§ Exercise data
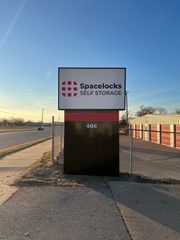 Spacelocks Storage - 406 Southeast 45th Street Topeka, KS 66609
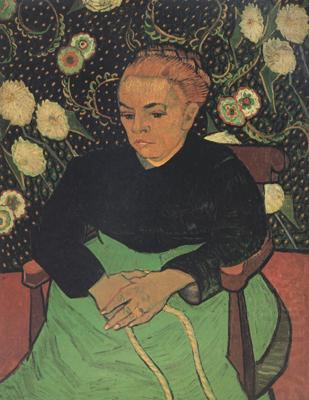 La Berceuse (nn04), Vincent Van Gogh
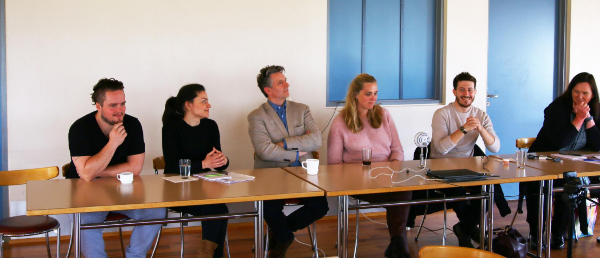 INTERFACE Final conference speakers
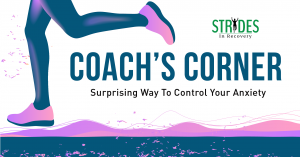 control your anxiety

§ Problem to work on
Type the material out again exactly. Skip the pictures.

§ Exercise answer
 Spacelocks Storage - 406 Southeast 45th Street Topeka, KS 66609
 La Berceuse (nn04), Vincent Van Gogh
 INTERFACE Final conference speakers
 control your anxiety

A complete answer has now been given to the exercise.